(Publicado en Ocio - Público, Milenio, el 31 de julio de 2009)
Cuando M volvió a la ciudad después de varios años de ausencia, desconoció las calles, incluso las de su barrio tlaquepaquense. “Falta algo”, me dijo. De momento pensé que era el fenómeno natural del que vuelve; sobre todo son las dimensiones las que difieren de lo que uno recordaba. M se detuvo en una esquina y dio con la clave: podía ver el cerro del fondo y no necesariamente porque no hubiera contaminación atmosférica ese día, sino porque ya no estaban las frondosas cúpulas de los árboles de la cuadra siguiente.
Esa noche, en la reunión de bienvenida de M, con más amigos volvimos al tema. Alguien puso de ejemplo a una señora que adaptó y puso en renta como oficinas, la casa que fuera de sus padres, ubicada en lo que antaño fue una colonia de gente rica y ahora es zona comercial. Ella se la vive incitando a sus inquilinos a que se le unan y den seguimiento a la solicitud que hizo a las autoridades para que removieran el árbol de la finca de al lado, por una simple razón: hace mucha basura (se refiere a las hojitas secas). Otra amiga contó que al mudarse a su nueva casa, afuera de la cual había un árbol grande, sucesivamente y sin que ella lo solicitara, los vecinos y visitas le fueron dando tips y recetas para irlo secando; porque, como todo el mundo sabe, el trámite legal para que el gobierno municipal lo corte es tardado y a veces los malditos suelen negarlo, es decir, darle la razón al árbol. No podemos negar que en ocasiones las raíces o ramas pueden representar un peligro, pero ¿es sólo eso o realmente nos estamos volviendo depredadores de las áreas verdes?

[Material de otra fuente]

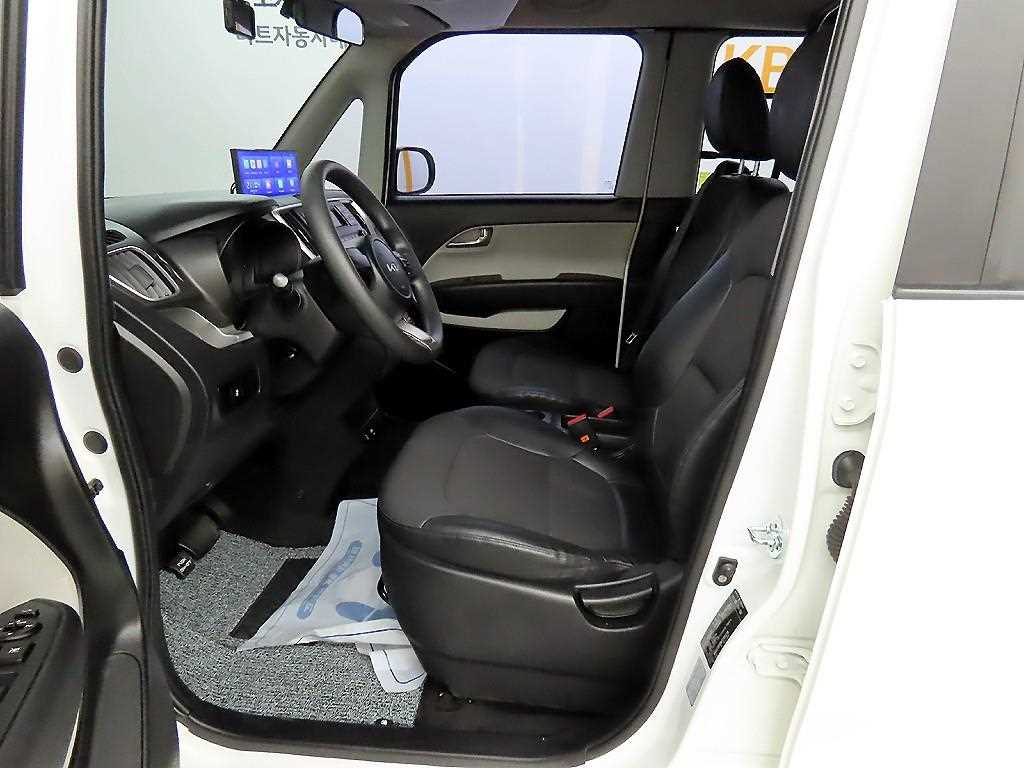 KIA Ray - Vista 5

En la mesa en la que estábamos, esa noche de calor en que volvió M, se llegó a una conclusión. La gran mayoría recordaba, en sus años de infancia, a su madre, la vecina, la tía o a sí mismos en la labor matutina de barrer las hojas del árbol de afuera. Otros más recordaban las tardes en las que sacaban unas sillitas para ponerse a platicar o tomarse algo, al cobijo de la fresca sombra. Aunque las labores domésticas, me refiero a la barrida de las hojas, resultan insoportables para los chamacos, hay un punto entre los 25 y los 35 años en que son asumidas como hábitos incuestionables (bueno, no siempre). Pero ahora nunca hay tiempo. Trabajamos dos o tres turnos, o vivimos en condominios en los que no queda claro a quién le toca hacerse cargo del pobre arbolito… Tal vez sea la culpa la que nos hace desear que mejor desaparezca.

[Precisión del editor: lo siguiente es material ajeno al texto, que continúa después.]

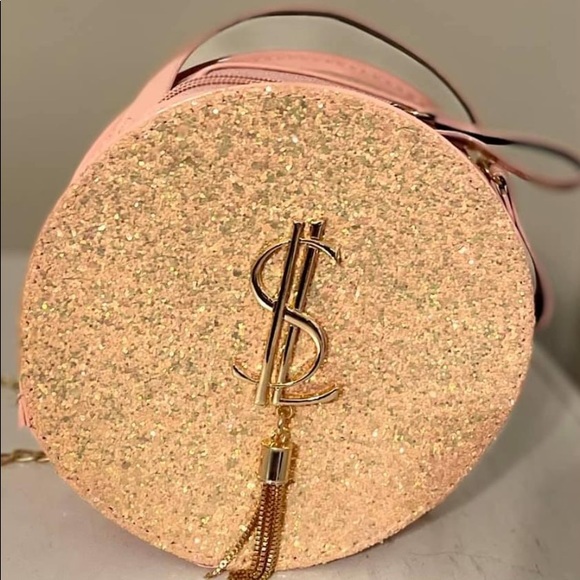 BAGS - Picture 10 of 13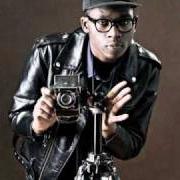 Le texte musical TAKE YOUR LIFE de THEOPHILUS LONDON est également présent dans l'album This charming mixtape (2010)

Esa noche, aunque no me quedaba tan de camino, me fui por Cruz del Sur y me detuve unos instantes en donde hace mucho estuvo ese gigantesco árbol que me gustaba tanto (y por lo mismo trataba de incluirlo en los tours cuando me tocaba ser anfitriona). Hasta donde recuerdo ese cayó por causas naturales, pero a como vamos no dejaremos que ninguno llegue a ese tamaño. Ya veremos quién gana en las siguientes generaciones: si la actitud irresponsable de la nuestra o la conciencia ambiental que comienza a esbozarse (aunque sea en las películas de Disney).

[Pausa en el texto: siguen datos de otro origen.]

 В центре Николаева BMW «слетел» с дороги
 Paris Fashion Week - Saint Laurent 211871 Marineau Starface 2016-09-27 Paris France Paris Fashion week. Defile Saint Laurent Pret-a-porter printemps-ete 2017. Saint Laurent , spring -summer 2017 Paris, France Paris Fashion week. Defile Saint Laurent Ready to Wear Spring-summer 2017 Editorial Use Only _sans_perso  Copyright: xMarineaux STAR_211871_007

Si de algo sirve, recordemos el viejo refrán, quiero decir, en la versión original que me enseñó mi padre: “Árbol que crece torcido jamás su rama endereza, / que se hace naturaleza del vicio con que ha vivido. / Con este ejemplo advertido, malas costumbres no adquieras / que si bien las consideras, a fuerza de repetirlas / ya no podrás corregirlas cuando corregirlas quieras”.